# Backing up Lightroom - All you need to know



## Selwin (Nov 15, 2013)

Dear Lightroom user,

So you like Lightroom and can't wait to learn more about its features? Or maybe you already imported some or all of your images and you're ready to jump at some real post processing? That is fantastic!

_*Take a short break*_
This is the time to take a short break and ask yourself what would happen if your computer (specifically the drives that hold your LR catalog and images) should fail. Remember that every drive will fail eventually. Here on lightroomqueen.com/community, we still see quite a few issue reports that lead to loss of work, even the loss of original photos. We can only assist in restoring to the previous state if there are adequate backups available to work with.

*Did you know?*
- All changes you've made to your photos like  flags, ratings, color labels, keywords and develop settings are stored  inside your Lightroom Catalog
- Your *originals* / source images *are not stored "in" Lightroom*, they reside on your hard drive in a normal folder you selected upon import.
- The Lightroom "automatic backups" *only* backs up your *catalog*, not your *images*. You need to backup your images *separately.*
- Any customizations you made to Lightroom like develop presets, watermarks, filename templates and so on are stored in yet another location, somewhere deep inside your home folder.
- The same goes for any changes you've made to the default preferences.

_*Set and forget*_
Even before installing Lightroom, you probably thought about backing up your most important stuff. Establishing a viable backup policy requires that your backups are performed even when you don't think about them. Creating manual backups from time to time is better than nothing, but you may well lose weeks or months of work in case of an unfortunately timed hard drive failure. Therefore, we recommend Automated Backups. There are many options for both Mac and Windows users, some of which are built into the operating system itself. You can have a look at some different options in the list below or do a search on the internet.

_*Remote Backups*_
Even when you've backed up each and every folder, in a solid automated schedule, think about what would happen if all of your computer equipment got lost altogether (like in case of fire or burglary). Keeping an additional copy at a cloud server or a friend's house will keep your data safe.
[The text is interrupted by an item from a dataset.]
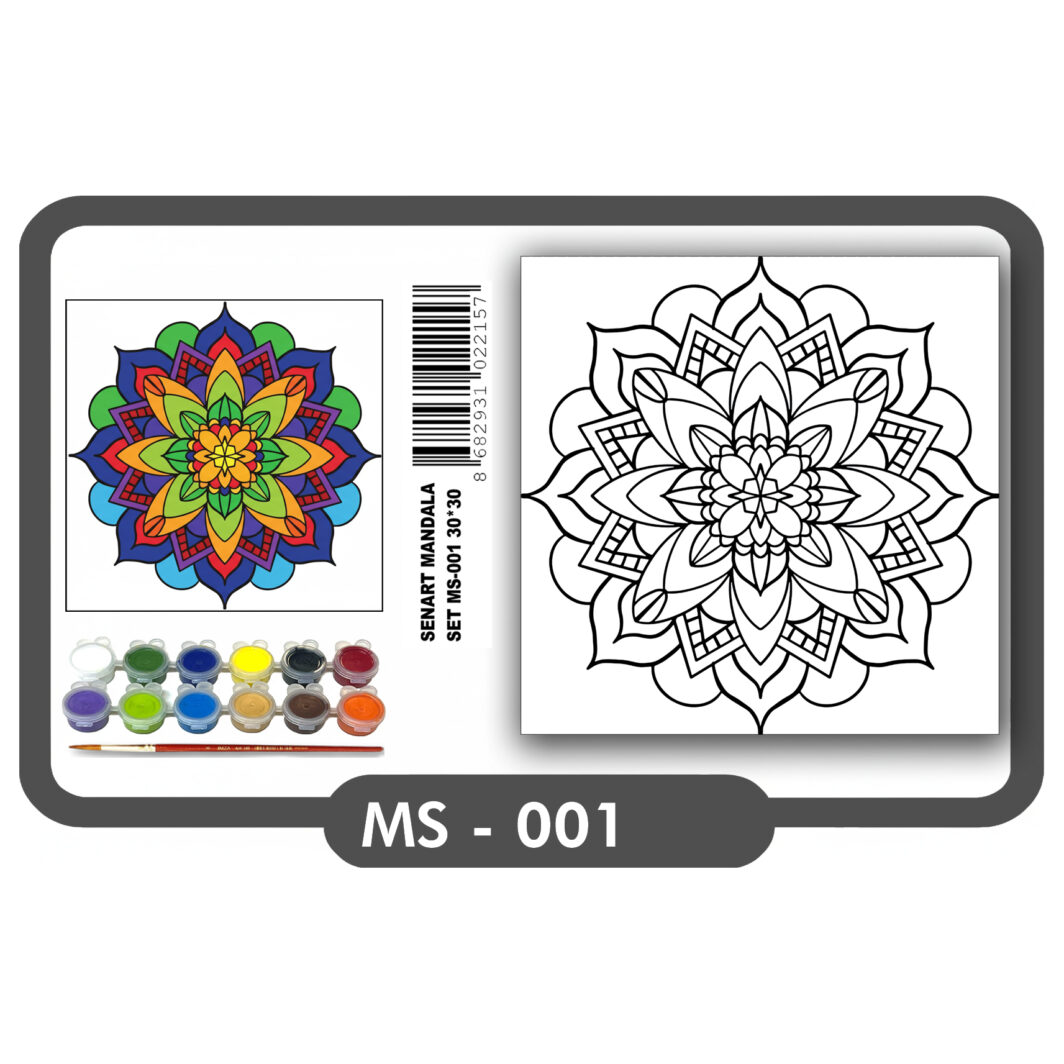 SENART MANDALA SET MS-001 30*30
_*So what do I need to backup then?*_
Forum owner and LR Guru Victoria, a.k.a. the "Lightroom Queen", published a comprehensive article on her blog to serve as a road map for you to find your important Lightroom assets and set your backup software accordingly. You can have a look and decide for yourself what is important to you.

------------------------------------------------------------------------------------------------

_*Backup software*_
Here are some suggestions you may like. Of course there are many more. You will need backups of system folders and libraries and you'll need incremental backups for your original photos. As your collection of photo's grows to multiple hundreds of Gigabytes, you'll probably move them to a different (dedicated) drive that you will need to backup separately (good), or as a part of a complete incremental system backup (not recommended).
Windows
- Windows 7/8 Backup and Restore: flexible, customizable and incremental backups
- Windows 8 File History: backup user library and desktop folders (not suitable for Lightroom)
- Microsoft's free SyncToy backup utility
- Macrium Reflect (free): clone entire drives (no incremental backups)
- Macrium Reflect (standard, USD45): customizable and incremental backups
* Many use Backup and Restore and SyncToy together
Mac OSX
- Time Machine (free): complete system backup
- Carbon Copy Cloner (free): clone entire drives (no incremental backups, so not suitable for Lightroom)
- Carbon Copy Cloner (40USD, 28GBP): customizable and incremental backups
*I use a combination of Time Machine and Carbon Copy Cloner (full paid version)
Mac/Win
- Crashplan (free): Limited options, only one backup set, incremental backup (suitable for one backup set to make incremental backups of a single folder containing all of your originals)
- Crashplan (paid options): cloud backups, multiple backup sets, incremental backups

Good luck!


----------